Bears, dragons and snakes

Canada must contribute more to deterring military adventurism

Halifax-class frigate HMCS Toronto returns to Halifax in December after a 65,000-kilometre NATO deployment shadowing Russian warships near the English Channel.
Master Cpl. Manuela Berger/Canadian Forces Combat Camera

The military world has changed rapidly over the past three decades. 

Driven by the combined use of satellites, drones, computers, precision-guided munitions and other technologies, the change focused on the tactical side of war fighting. This was aptly described as a revolution in military affairs.

The changes were seen on battlefields in numerous small and not-so-small wars around the globe—in Iraq and Afghanistan particularly.
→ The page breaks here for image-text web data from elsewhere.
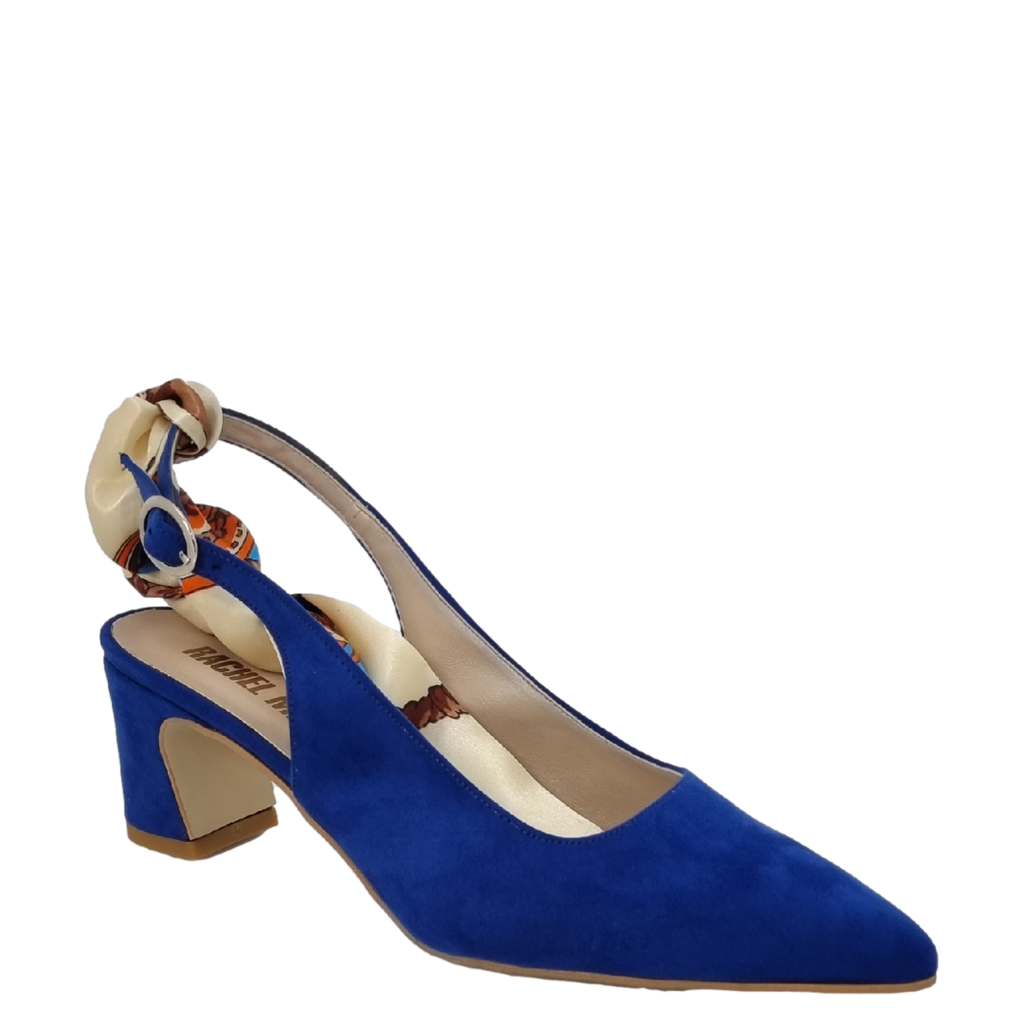 Décolleté chanel bluette con foulard e tacco a rocchetto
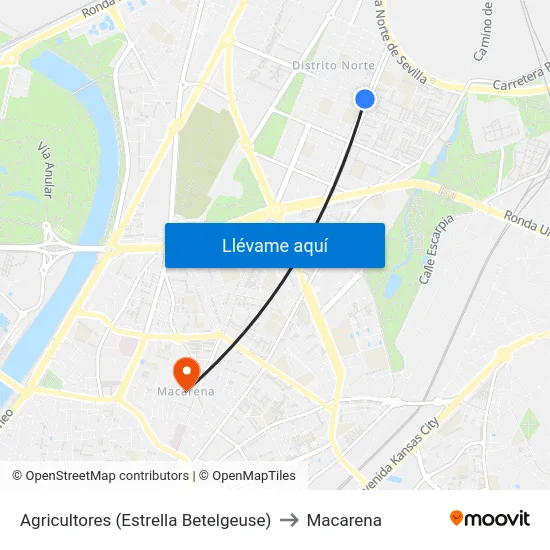 Agricultores (Estrella Betelgeuse) to Macarena map
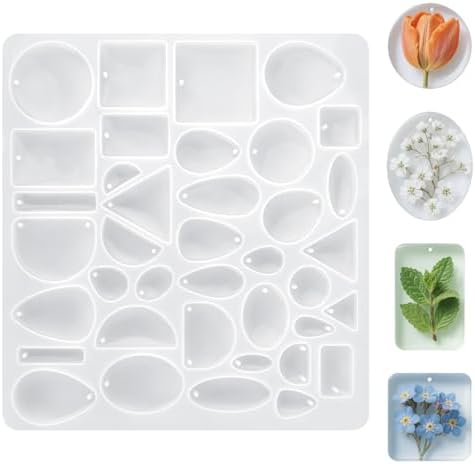 MAQIHAN Resin Jewelry Molds - Silicone Molds for Resin DIY Jewelry Making | Reusable Casting Tray with Hole, Assorted Shapes for DIY Pendant, Earring, Necklace, Bookmark, Keychain Crafts Project Set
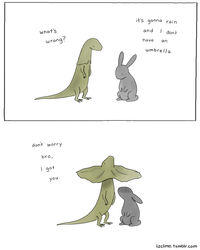  ambiguous_gender better_version_at_source dialogue duo english_text feral frill_(anatomy) fur green_body green_scales grey_body grey_fur hi_res kind lagomorph leporid liz_climo lizard mammal membrane_(anatomy) rabbit reptile scales scalie simple_background text white_background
During that time, Canadian defence spending generally followed the pattern of other NATO members: as little as possible to keep Canada’s fighting forces fit for participation in these small wars. 

General Rick Hillier, former chief of the defence staff, spoke of this period as switching from a focus on fighting the bear—the Soviet Union, then Russia—to fighting snakes—al-Qaida and the Taliban. Canada sent some 40,000 troops to Afghanistan over more than a decade with the main mission objective being to kill snakes.

 

We are now entering, or re-entering, a new era of great power competition. We hope we will never need to fight the bear or the dragon, but the “West” (NATO and Japan and Australia) will need to maintain forces that can, at the very least, deter military adventurism by our rivals. 

For example, one of Canada’s main defence challenges today lies in Russian military expansion in the Arctic. It is doubtful there will ever be a war with Russia in the Arctic, but growing Russian military power in the North will enable the bear to impose its own rules in that region.

Canada is not prepared to play an influential role in this global return to great power competition. We are looking for second-hand aircraft to replace our current VIP and cargo transport planes. We are flying used F-18 fighters from Australia to supplement the almost 40-year-old CF-18 Hornets we started purchasing in the 1980s. Until, that is, Ottawa decides, as deliberately as possible, to replace all those old fighter jets with new ones.

The biggest issue we face is that our Halifax-class frigates need to keep sailing into the next decade, despite corrosion and metal fatigue. They were originally scheduled to be replaced in the next few years, but they now have to make do for another 10 years at least. 

The cost to maintain them will skyrocket. And the potential cost of building 15 new frigates today (based on the British Type 26 frigate) is estimated at $213-219 billion. Combine that with completing two new navy ships for the Joint Support Ship Project and the total cost to refresh the RCN reaches $220 billion.

Combine these costs with other budget issues—such as insufficient personnel to cover all the operational needs of Canada’s military bases and the costs of the new fighter aircraft—and an enormous shortfall appears between what is needed to take all three services from where they are now to mere fighting strength.

Our prime military partner, the United States, has recognized the shift in international defence affairs. It is moving ahead with new long-range bombers and fighter aircraft to take its air force beyond the era of F-22s and F-35s. It is also procuring new and better equipment for its army and navy.

 

Canada has not recognized the shift—yet. But we have seen it before.

In 1950, Canada joined other nations in the Korean War. China entered that war in late November and appeared to be on the verge of pushing United Nations forces—led by the United States—off the Korean Peninsula.

Our security depends on us playing an appropriate role in this new great power competition.

In Ottawa and other Western capitals, the imminent defeat of UN forces in Korea led to alarm over the possibility that a communist country was about to vanquish the U.S. and its UN allies, setting the stage for much more aggressive communist action elsewhere. 

The result was a massive increase in defence budgets across NATO. Ottawa’s defence spending increased some threefold over the next six years. Defence spending suddenly mattered in Ottawa, and Canadians somehow found a way to pay for plenty of new military hardware.

We are rapidly approaching a similar crunch. We are not and never will be a major military power. But our security depends on us playing an appropriate role in this new great power competition. To do that will cost a lot more, but we need to figure out how to accomplish it.